Pour considérer que l’activité n’est pas constitutive d’un trouble manifestement illicite, la Cour d’appel relève que d’autres copropriétaires exercent dans l’immeuble des activités non autorisées aux termes du règlement de copropriété, de sorte que les copropriétaires « s’accommodent d’une lecture souple de celui-ci ».

Un pourvoi en cassation est formé par le syndicat des copropriétaires. La Cour de cassation accueille le pourvoi et casse l’arrêt d’appel au visa notamment de l’article 8 de la loi du 10 juillet 1965 et de l’article 809 du Code de procédure civile de Nouvelle-Calédonie.
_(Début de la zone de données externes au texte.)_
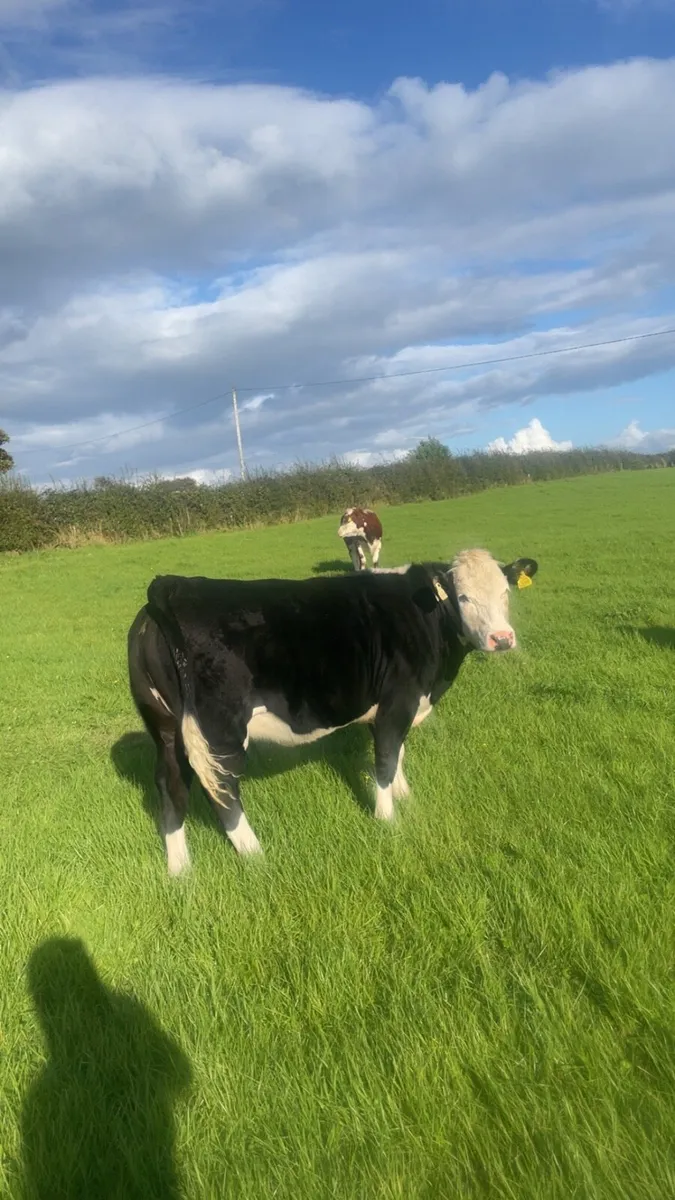 7 lovely quite heifers - Image 4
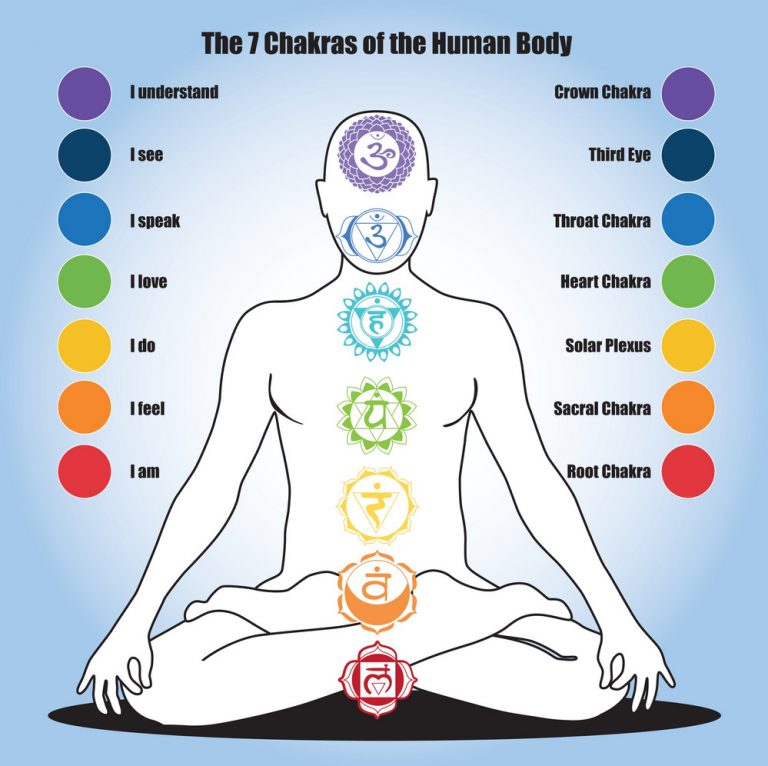 7 Chakras of the Human Body
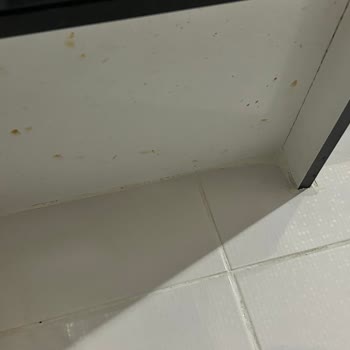 Benimtemizlikcim.com 2457 TL'ye Detaylı Temizlik Satın Aldım Sonuç Hüsran!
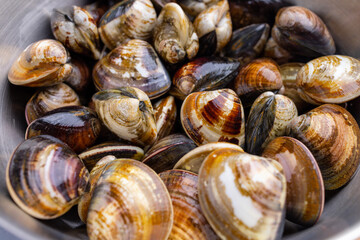 Fresh raw uncooked clam for hot pot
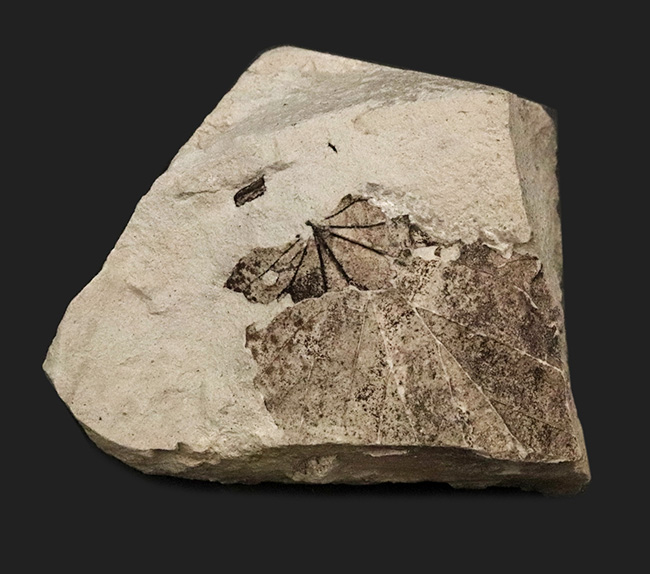 国内化石マニアックシリーズ！掌状脈が見られる神戸層群の葉の化石（Leaf fossil）（その1）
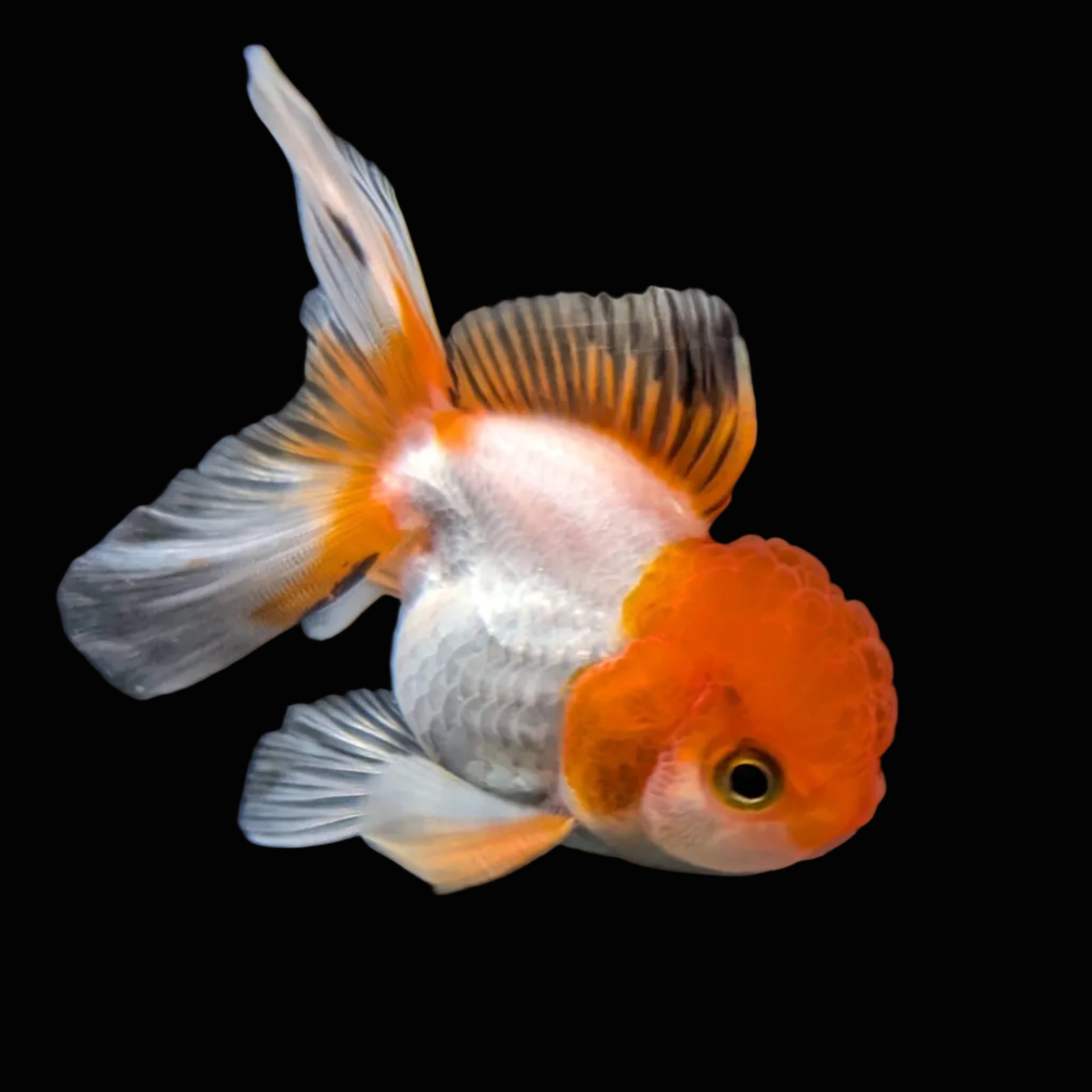 Juvenile Oranda Tricolor 3.5"-4" in.  ID#417T7A-007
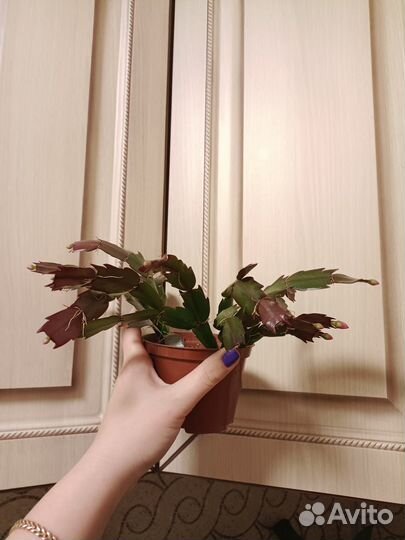 Шлюмбергера Samba Brazil на бутонах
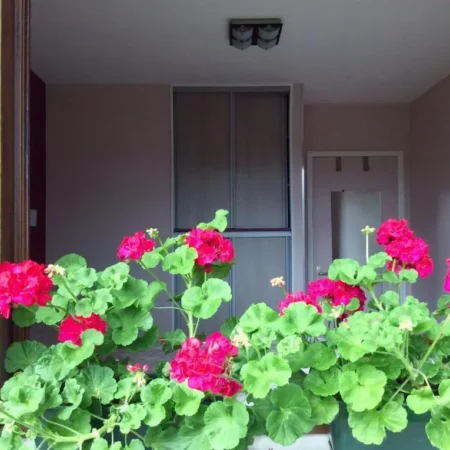 Chambre tout confort du Tilleul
La Cour de cassation retient, à l’inverse de la Cour d’appel, que l’exercice d’une activité expressément interdite par le règlement de copropriété constitue un trouble manifestement illicite.

La Cour de cassation valide ainsi qu’un règlement de copropriété peut apporter une restriction d’activité au sein de l’immeuble, dans la droite ligne d’une jurisprudence constante. Le magistrat des référés, juge de l’évidence, a le pouvoir de statuer sur la cessation d’une activité interdite aux termes du règlement de copropriété, dès lors que cet exercice est constitutif à lui seul d’un trouble manifestement illicite.